(Your instructions) Take the line containing "Cadeirão de Rattan" and every line after it to the end of the records, and copy them exactly, excluding pictures.

Scraped caption text data
━━━
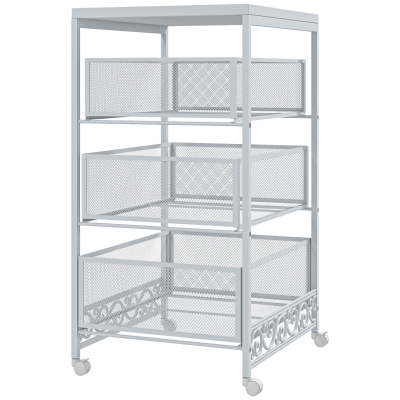 HOMCOM Carrito de Almacenamiento con Ruedas de 3 Niveles con 3 Cesta de Almacenamiento para Salón Comedor 34x29,5x57,5cm Blanco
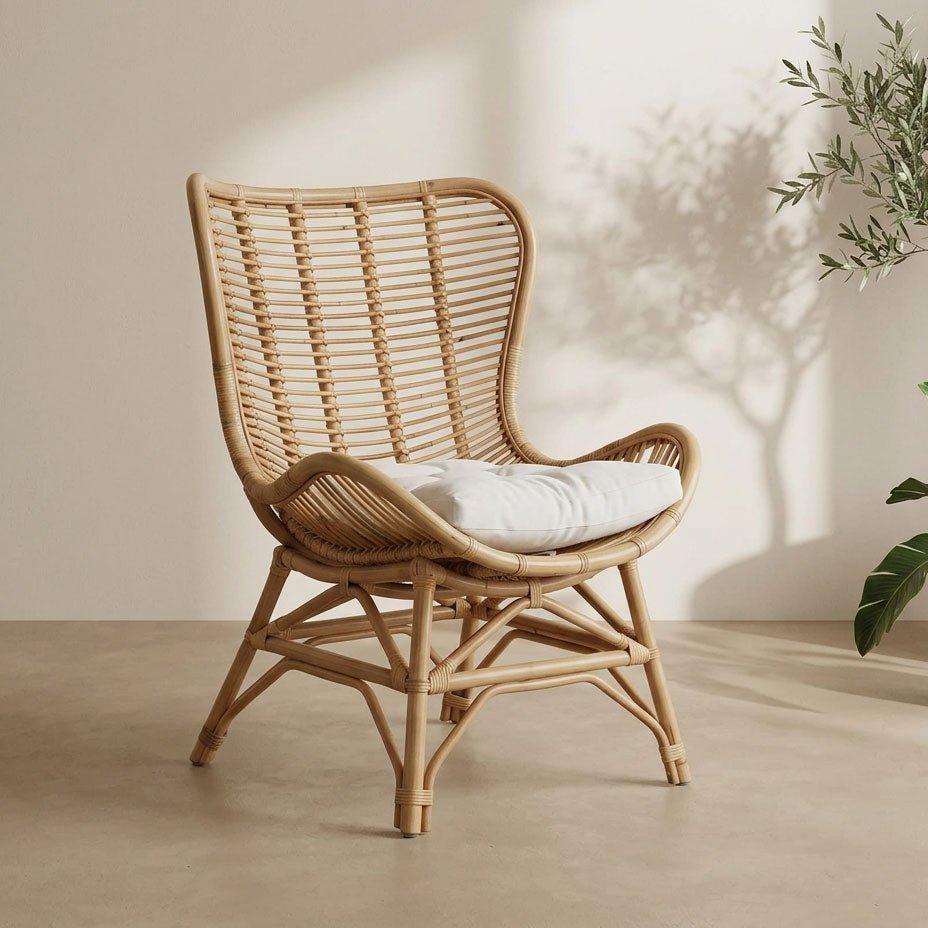 Cadeirão de Rattan Bambu 76x74x99 - Gato Preto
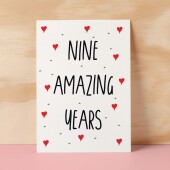 9 Year Anniversary Card For Wife or Husband Anniversary Card for 9th Anniversary Card For Boyfriend or Girlfriend Nine Wedding Anniversary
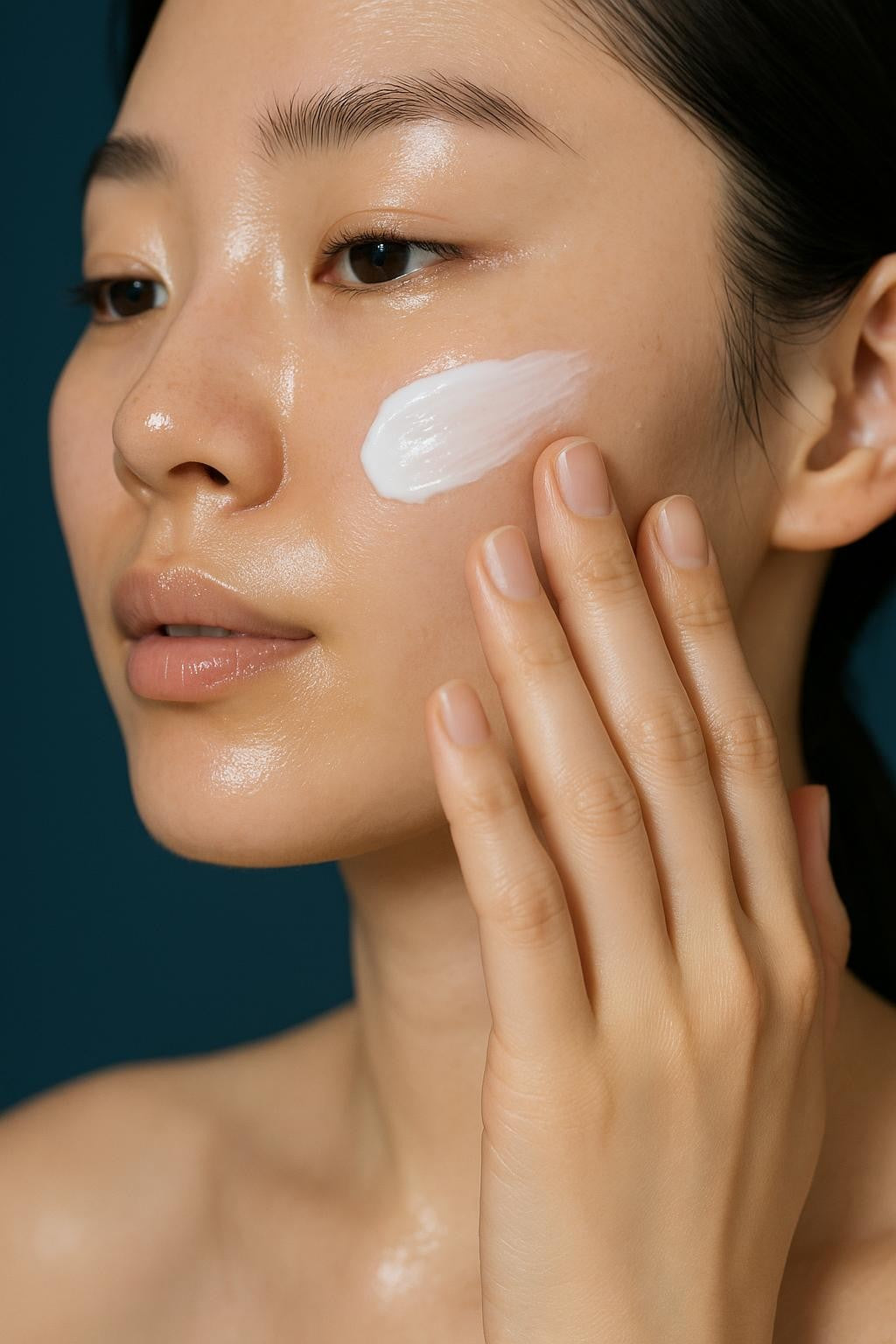 A swipe of cream on a cheek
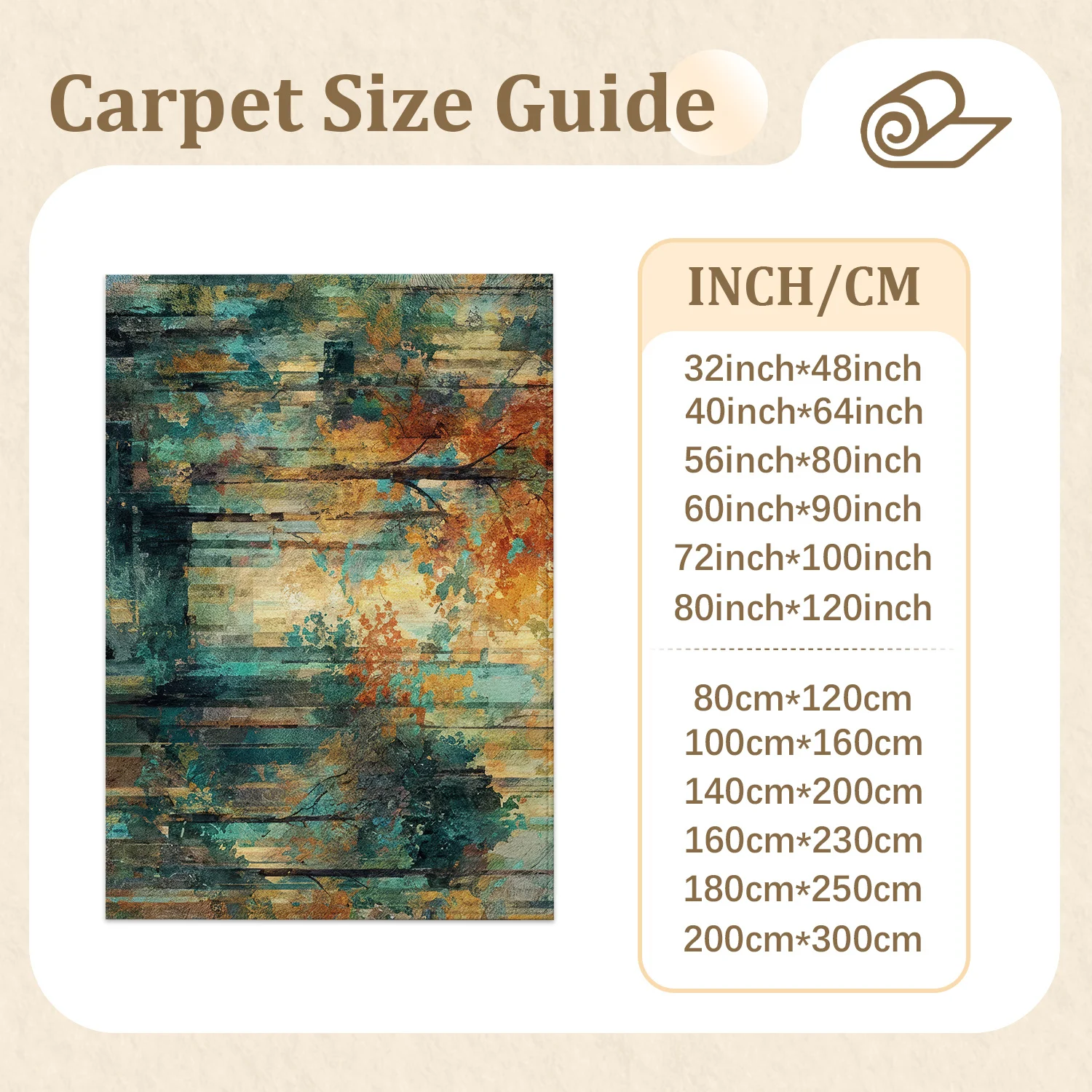 Large Indoor Area Rug, Soft Velvet Low Pile Rug with Non-Slip Dotted Backing, Machine Washable Abstract Teal Amber Forest Pattern, Ideal for Living Room Bedroom Home Decor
━━━
(Answer section)
 Cadeirão de Rattan Bambu 76x74x99 - Gato Preto
 9 Year Anniversary Card For Wife or Husband Anniversary Card for 9th Anniversary Card For Boyfriend or Girlfriend Nine Wedding Anniversary
 A swipe of cream on a cheek
 Large Indoor Area Rug, Soft Velvet Low Pile Rug with Non-Slip Dotted Backing, Machine Washable Abstract Teal Amber Forest Pattern, Ideal for Living Room Bedroom Home Decor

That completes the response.